(The data begins)

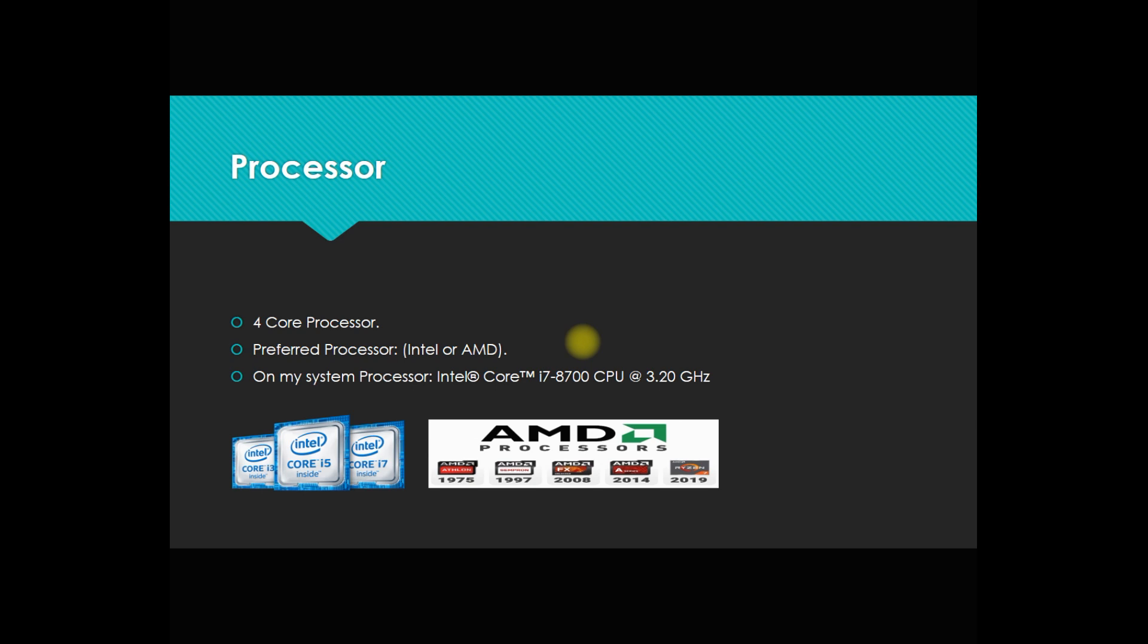You should consider preferring Intel. If you have AMD, it's okay - you can prefer AMD also and get good performance, but I'm not sure whether you will get the same performance as Intel.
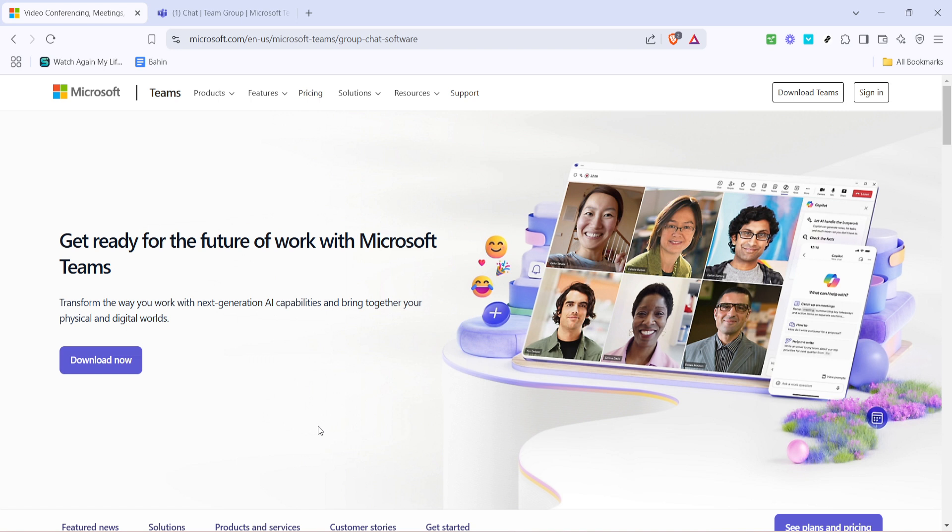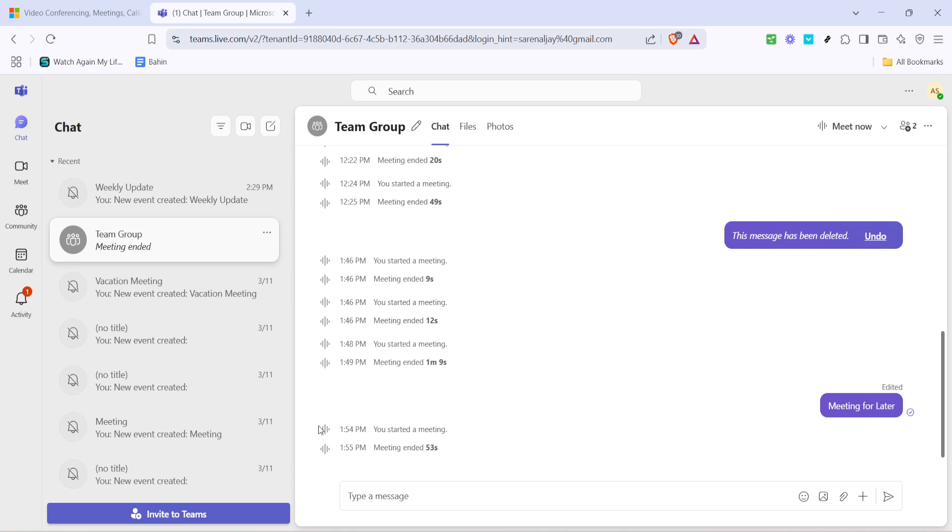First things first, you'll need to sign into your Microsoft Teams account. If you don't already have an account, you'll need to create one using an acceptable email address. Once you're signed in, you'll land on the Teams homepage, which is a hub where you can access all your Teams features.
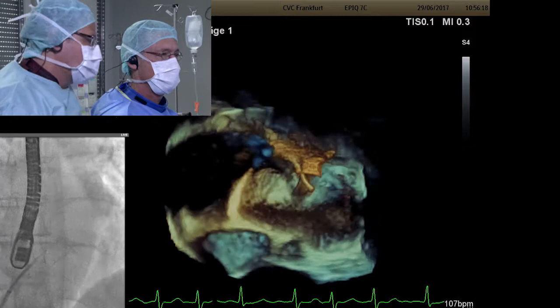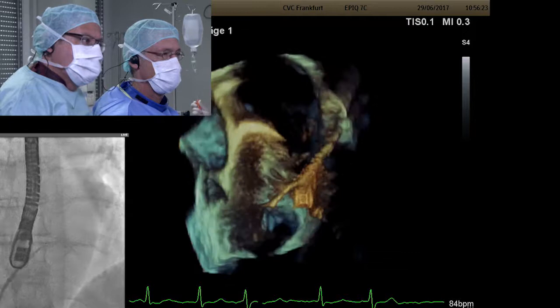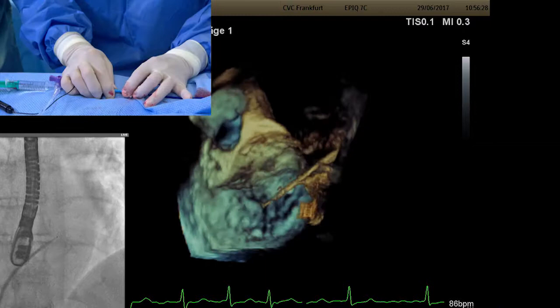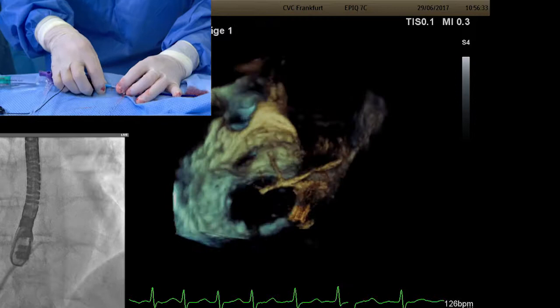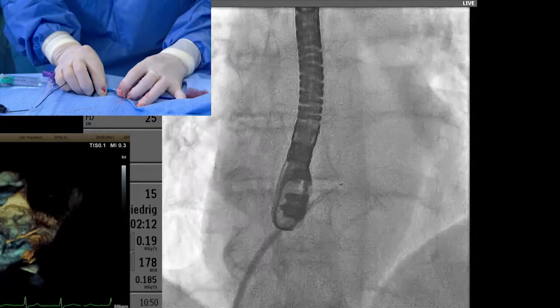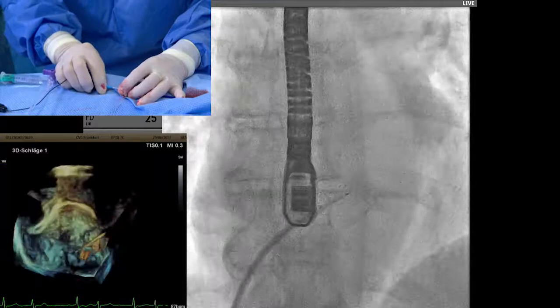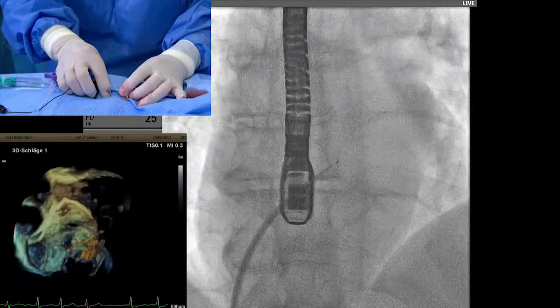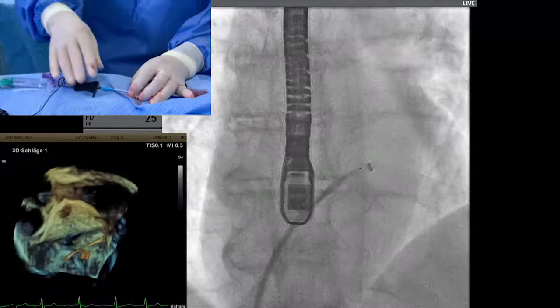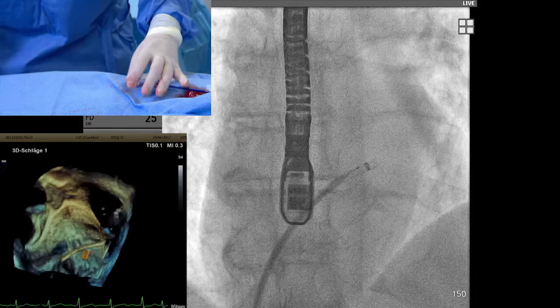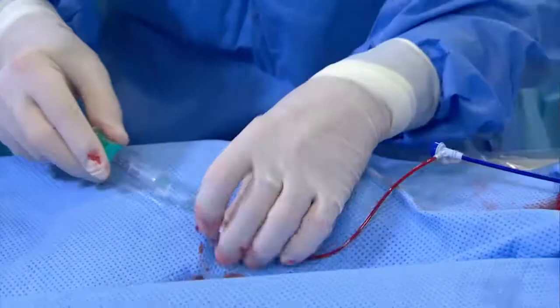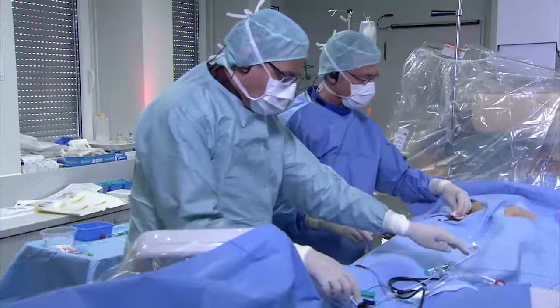One advantage of the RF system is the blunt tip, which reduces risk of puncturing the opposite wall. The system works well, though one would prefer distal opening to allow wire introduction. However, every system has advantages and disadvantages. Now we are across and we can give heparin. I always give 10,000 units for LAA closure as a standard dose; if the procedure takes a long time, we measure ACT, but not routinely.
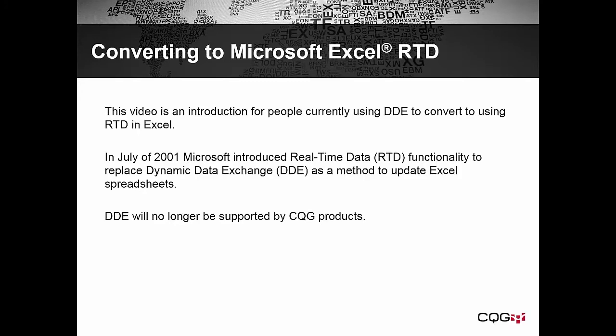Welcome. This video is an introduction for people currently using DDE to convert to using RTD in Excel.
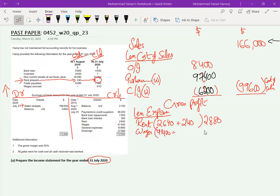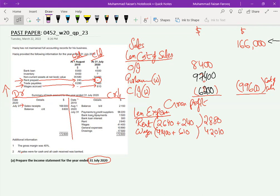The second expense is wages. We paid 41,400, but there is an accrual at year end of 600. An ending accrual increases the expense, so wages expense is 42,000. For general expenses, there are no prepayment or accrual adjustments, so 10,890 is taken directly — easy marks. Drawings is not an expense.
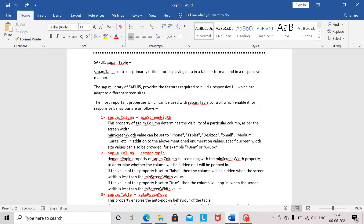Hello, so today we will go through some properties of sap.m.table and understand how this particular table behaves in a responsive manner for the user on different screen sizes of different devices. We will also understand what are some key differences between sap.m.table and sap.ui.table control. So let us proceed ahead.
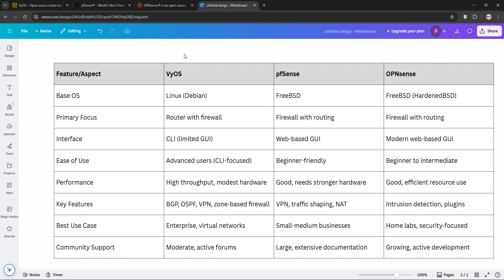Ultimately, your choice depends on your expertise and needs. Check out our comparison chart below and pick what fits your network best. Thanks for watching and subscribe for more tech insights.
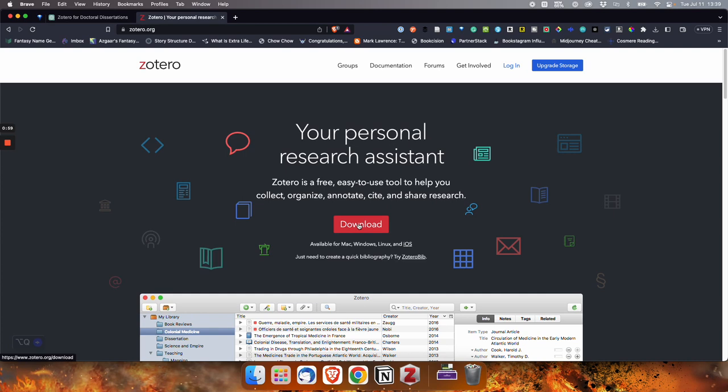Now, I of course already have this downloaded. The Zotero program itself is free to use. It doesn't cost anything for the program. What you do have to pay for is the amount of storage that you have.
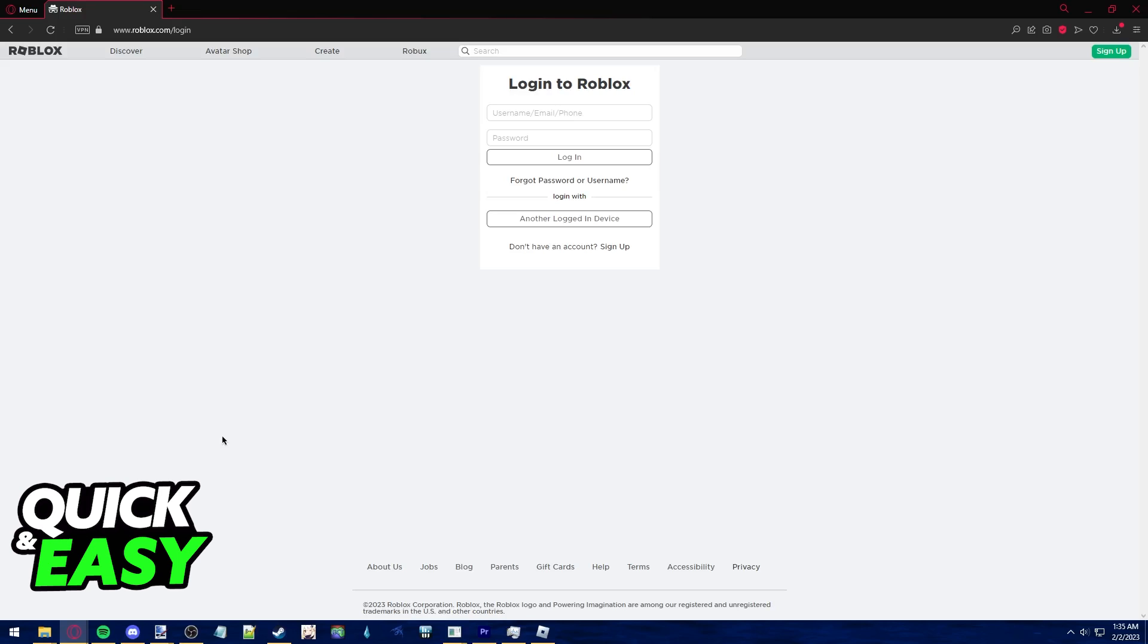As you can see here, I'm not logged into Roblox on my computer, however, I'm logged in on my phone, which means I can use the QR code I will get from this login Roblox page on my phone to log into my account quickly.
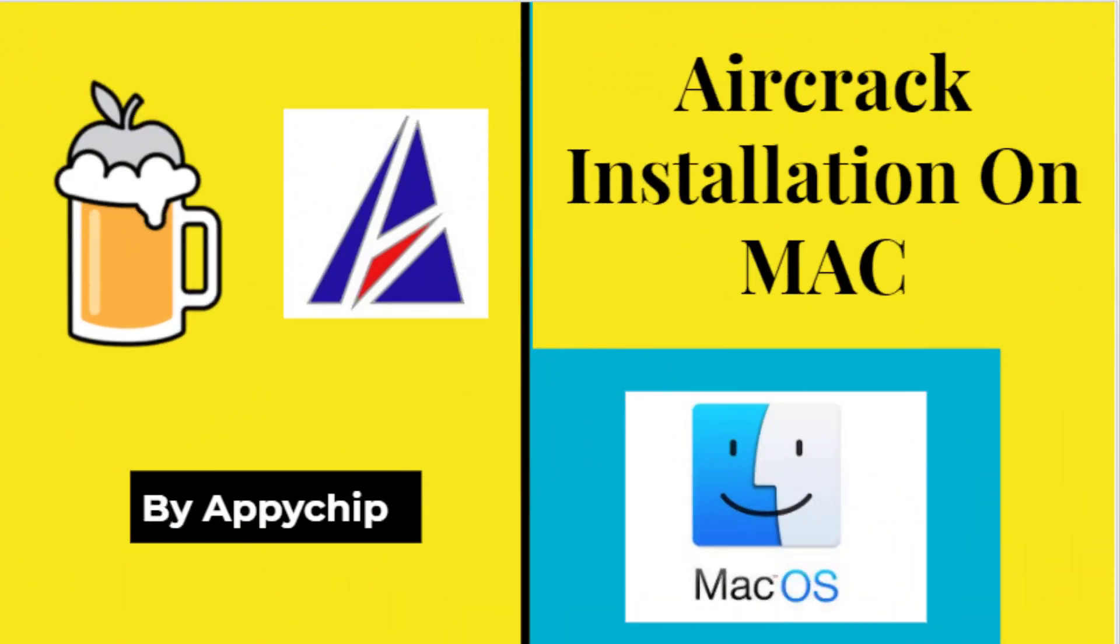Hello everyone, welcome to the channel Appychip. In this video, we are going to see how to install aircrack application on Mac. You can install aircrack application on different OS of Mac like Big Sur, Mojave, Catalina, etc.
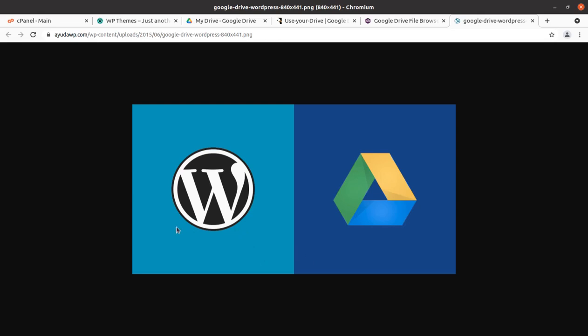Hi friends, you might be wondering how you can integrate Google Drive and WordPress to show all the files, or any selected files — media files, audio or video files — at your WordPress website. We always keep our important files collected over time in Google Drive, and Google Drive has sufficient space to keep these files safely. So if you want to show these files at your WordPress website, how is it possible?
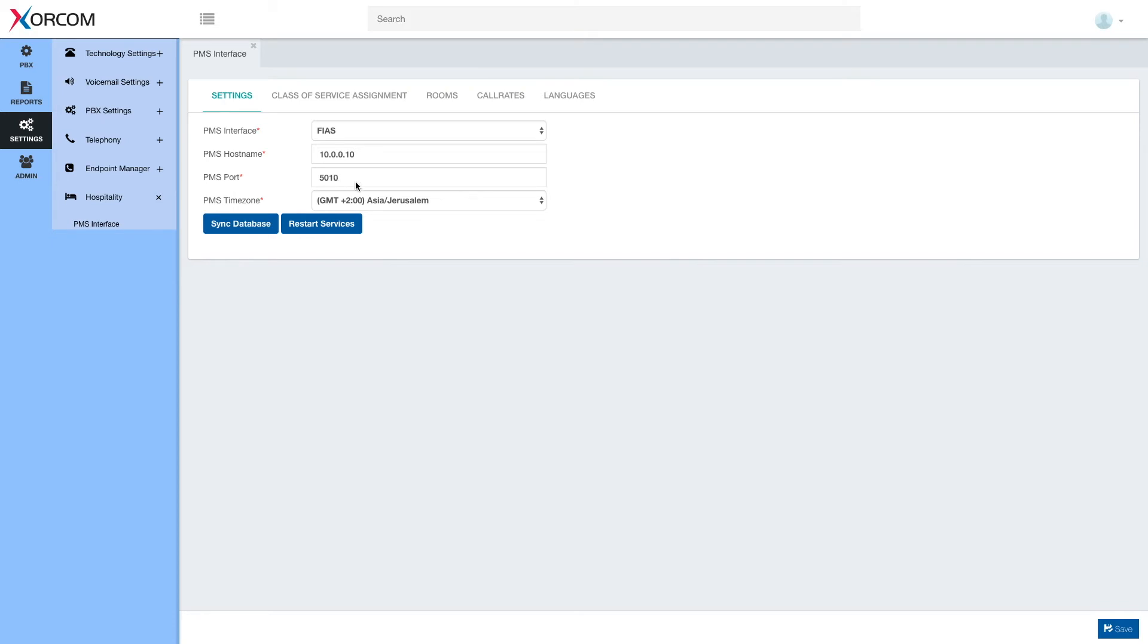That's the very basic settings. In addition we have PMS timezone, we will use that only in case the PMS timezone is for some reason different from the PBX timezone, otherwise by default we will get the PBX timezone and that's what we need.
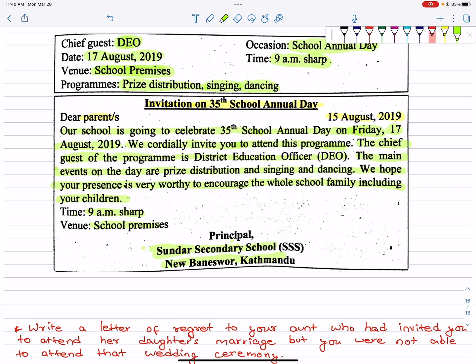Invitation for 35th School Annual Day. Dear Parents, 15 August 2019 — Our school is going to celebrate its 35th school annual day on Friday, 17 August 2019. We cordially invite you to attend this program. The chief guest of the program is the District Education Officer (DEO). The main events on the day are prize distribution and singing and dancing. We hope your presence is worthy to encourage the whole school family including children. Time: 9 a.m. sharp. Venue: school premises. — Principal, Sundar Secondary School, Naya Baneshwor, Kathmandu.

(The data ends)

Exercise prompt ->
Repeat exactly, and only, the entries from the line with "The second expense" through the line with "Hello everyone, welcome". Pictures are skipped.

Exercise output ->
The second expense is wages. We paid 41,400, but there is an accrual at year end of 600. An ending accrual increases the expense, so wages expense is 42,000. For general expenses, there are no prepayment or accrual adjustments, so 10,890 is taken directly — easy marks. Drawings is not an expense.
Hello, so today we will go through some properties of sap.m.table and understand how this particular table behaves in a responsive manner for the user on different screen sizes of different devices. We will also understand what are some key differences between sap.m.table and sap.ui.table control. So let us proceed ahead.
Ultimately, your choice depends on your expertise and needs. Check out our comparison chart below and pick what fits your network best. Thanks for watching and subscribe for more tech insights.
Now, I of course already have this downloaded. The Zotero program itself is free to use. It doesn't cost anything for the program. What you do have to pay for is the amount of storage that you have.
As you can see here, I'm not logged into Roblox on my computer, however, I'm logged in on my phone, which means I can use the QR code I will get from this login Roblox page on my phone to log into my account quickly.
Hello everyone, welcome to the channel Appychip. In this video, we are going to see how to install aircrack application on Mac. You can install aircrack application on different OS of Mac like Big Sur, Mojave, Catalina, etc.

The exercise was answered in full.